If I wasn’t trying though, I would say something like this:
I often hear other trainers tell their clients that any movement is good movement. You’re not sitting at your desk allowing your glutes to become inactive and your hip flexors to tighten up like nobody’s business so job done, to an extent I agree with this. People are generally less active than they should be and that isnt great for their health in the long run, However I do think that the WAY in which we encourage people to move is just as, if not more important. Example: I have a beautiful friend who is hypermobile and insists on doing literally 5 billion yoga sessions a week. She moves every day, but as a result of the sort of movement she is doing, now has real issues with her back.
On the same note there are members I see in the gym every day, running on the treadmill for over an hour or doing 500 kettlebell swings. These same people are (generally speaking) the ones who should really be visiting the physio at the bottom of the stairs instead of making it up to the gym. My point is that just telling someone to move isn’t the end of the story. If someone’s daily movement is an hour on the treadmill and they get a stress fracture from poor technique, or their giant amounts of yoga results in their spine acting like the bendy part of a straw, then is that better than them not moving at all?.
Part of my role as a fitness professional is to ‘stay on top of current trends’ within the fitness industry. Among these current trends is the broadly marketed (although not always accurately) Functional Training, which I LOVE because this is the way that I believe EVERYONE should be training. I’m all for people working through full range of movement that improves their daily living, to the best of their ability, which is obviously different for everyone. I haven’t always thought this way though, I grew up in New Zealand with the then extremely popular Les Mills’ classes, and at my peak was squatting above parallel with a 10kg barbell, and thought deadlifts started from above the kneecap. Ten years on and I’m somewhat at the other end of the spectrum, (I deadlift from the ground) but ironically am now somehow in charge of deciding whether the leisure centre I work for puts a new Les Mill’s class on the group fitness timetable.

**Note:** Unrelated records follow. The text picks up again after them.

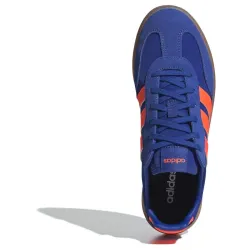 Adidas Barreda Decode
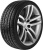 Powertrac CityRacing SUV 275/60 R20 119V XL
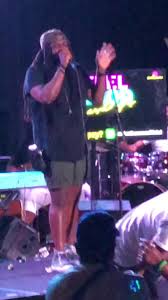 THEY THROWING PANTIES & MONEY AT ME!!!!! #Imgoingdown #Maryjblige  #Davonflemingofficial #tiktok #Goodbibes #soul #feelgood #feelgoodtuesday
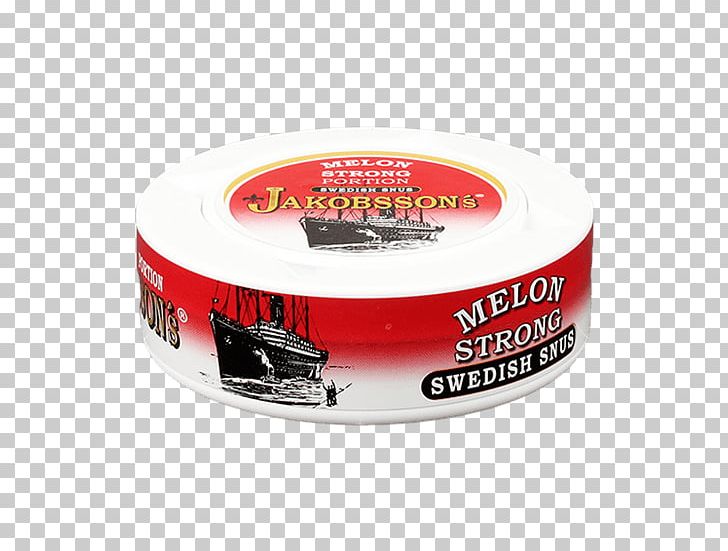 Snus Chewing Tobacco Nicotine Smokeless Tobacco Snuff PNG, Clipart, Brand, Chewing Tobacco, Flavor, Fukthalt, Hardware Free PNG Download
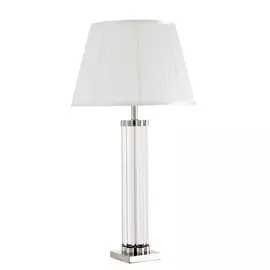 Настольная лампа Eichholtz Longchamp 108913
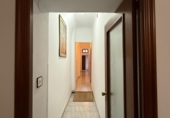Casa de poble en venda a la España, Calasparra, ref.: TR279733 foto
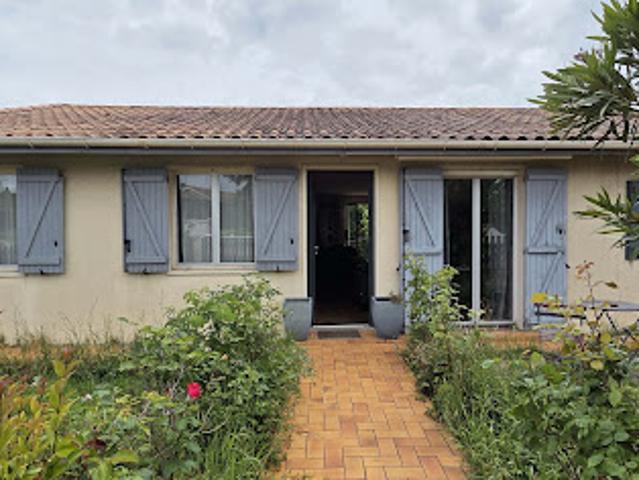 Maison vente à Bordeaux, Artigues-près-bordeaux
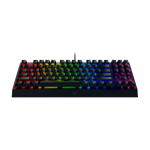 Razer BlackWidow V3 Tenkeyless (žlté spínače), USA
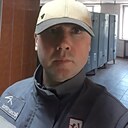 Михаил, 36 лет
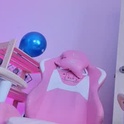 ria_lane's Profile Picture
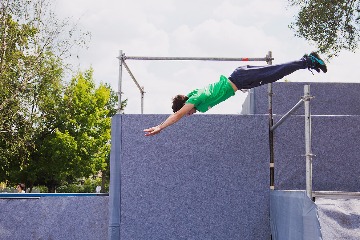 IMG_8343.jpg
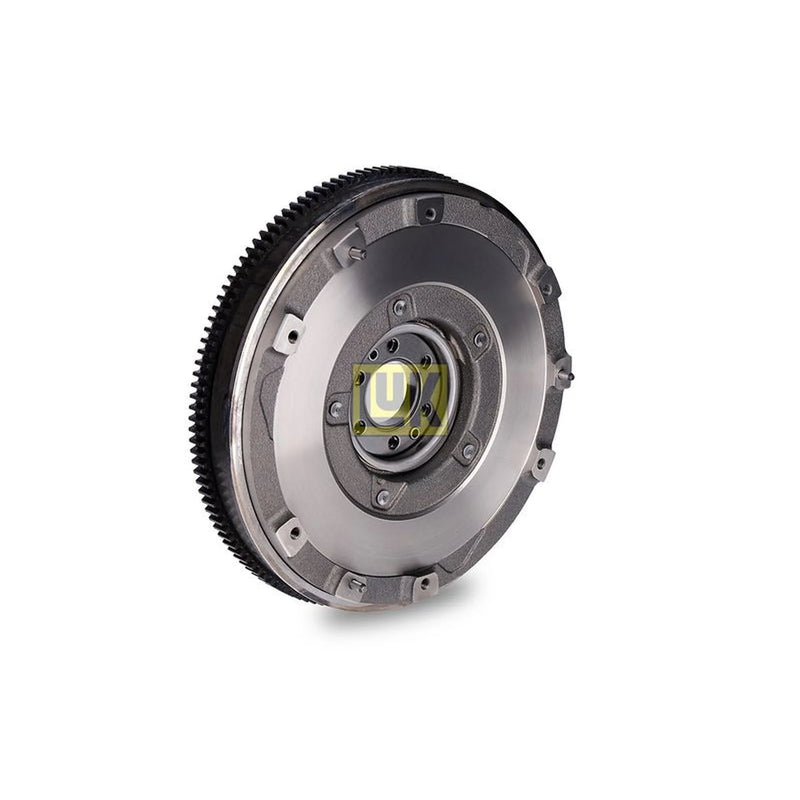 LuK Engine Flywheel Teeth 415053510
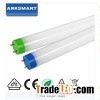 ALL PC Outside+Aluminum Inside 140LM/W 30W 1.5M VDE T8 LED Tube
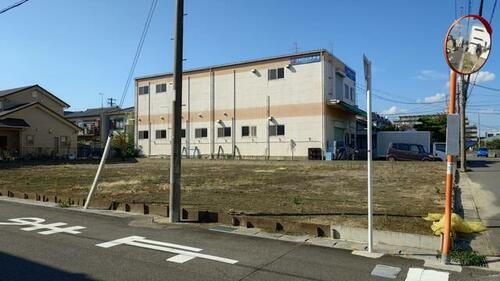 愛知県あま市下萱津五反田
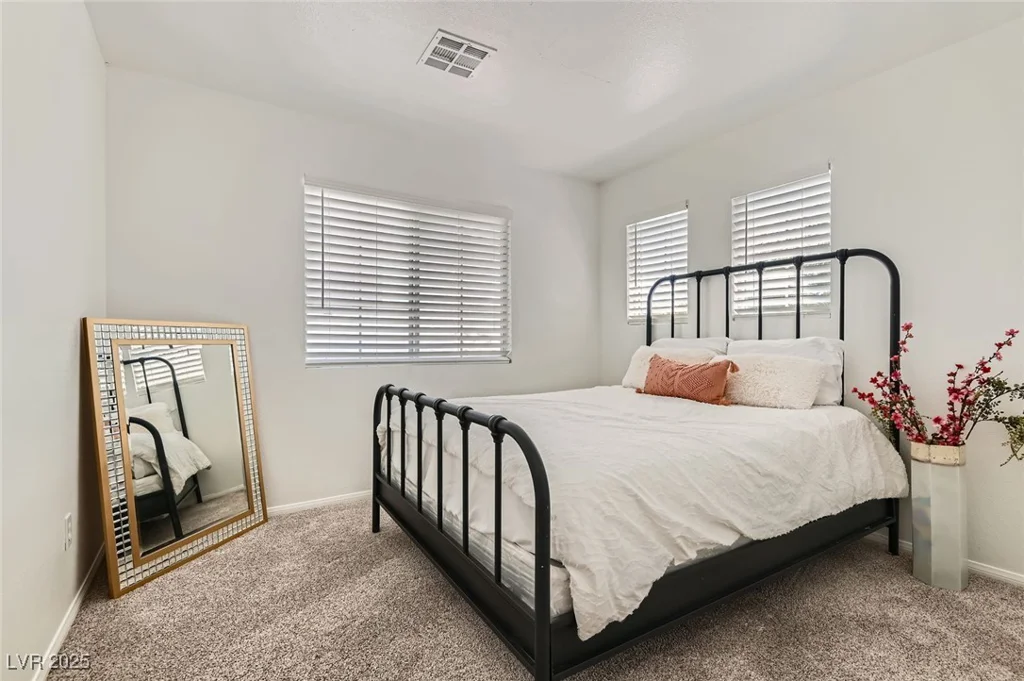 2470 Lower Meadows, Henderson, NV 89052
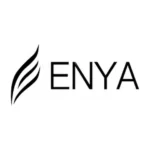 enya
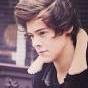 HI i am crazy and funny I love music played guitar and the piano I'am follow me and thee i follow swiftie,mixer and directioner=forever     harry follow me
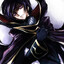 LELOUCH COMPLEX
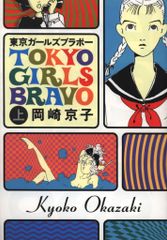 漫画ブリッコDX 1984年8月増刊号 表紙画・早坂未紀、長谷川哲治 - メルカリ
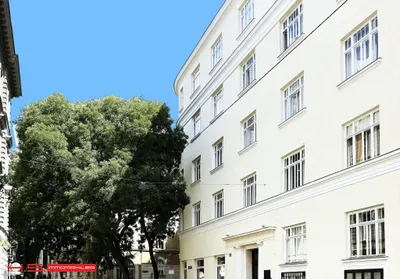 3-Zimmer-Wohnung kaufen in Wien – 115 m², € 729.000 – Bild 14 von 19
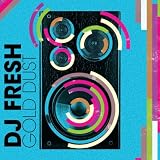 DJ FRESH - GOLD DUST (RADIO EDIT)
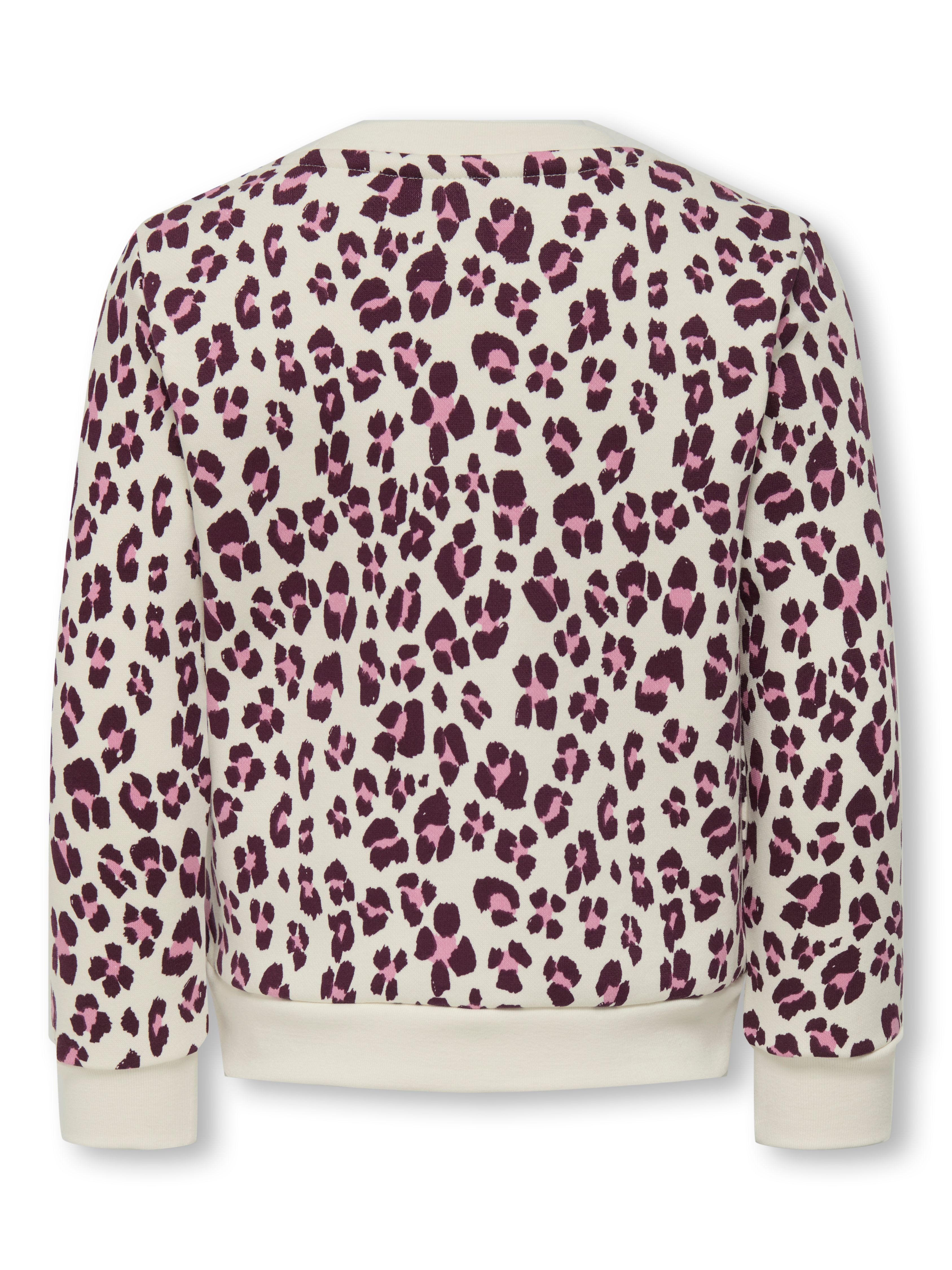ONLY Sweatshirt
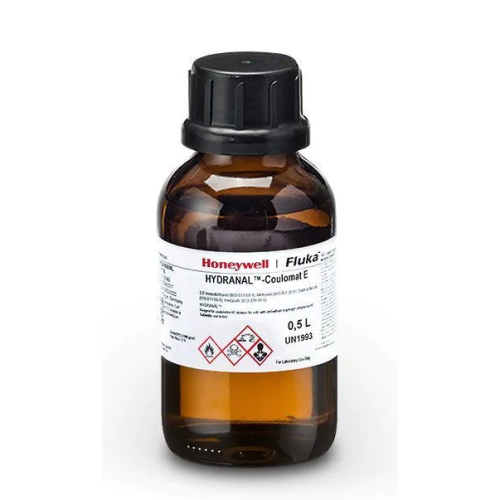 Hydranal - Coulomat E ml. 500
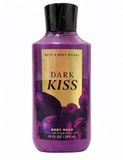  Sữa tắm BBW Dark Kiss Body Wash 10Oz 295ml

I participated in a Functional HIIT group fitness class a few weeks back, thinking if anything it would be a good warm-up for the lifting session I had planned later that morning. (I’m the kind of person whose entire weekend is based around various training sessions interspersed with food) I was wrong. The half hour ‘high intensity strength based’ workout was as far from a strength session as I have ever been. Participants were forbidden to squat below parallel, regardless of their mobility (I was repeatedly criticised by the instructor, much to my confusion), and I literally saw not one participant (besides myself, coz mirrors) working through a full range of movement, despite that being the apparent focus of the session, People were moving though. *thumbs up emoji*
I talked to the trainer afterwards and she told me how unsafe it was to get participants to squat below 90 degrees, which baffled me. If my own clients can’t squat below 90 they are
made to sit on a ball until they can, I just thought that this was standard procedure. Had she not read ‘Becoming a Supple Leopard’? (Kelly Starrett, if you haven’t, you must) I know I said earlier that I try not to criticise other training styles because everyone is different, but doesn’t everyone want their body to move as well as it can? ‘Just move’ implies the bare minimum of strength, fitness, and range of movement. Shouldn’t we be encouraging people to aim for optimal? I train people from their 20’s to 60’s and the same rules apply. My job as I see it is to help people to move as well as they can for their body. I realise that everyone is different. Some people CAN do a million yoga sessions a week or run until their feet bleed and still be functioning. I guess what I’m saying is ‘just move’ really isn’t specific enough or for that matter, a good enough directive.
As trainers and coaches it is literally our job to help people to move and function to the best of their ability, and on the flip side those who we train / treat need to challenge themselves and their bodies, not to just move, but to move well, move better, move to the absolute best of their ability, whatever that means for them.
Everyone is different, but if you can squat below parallel, do it! Just saying.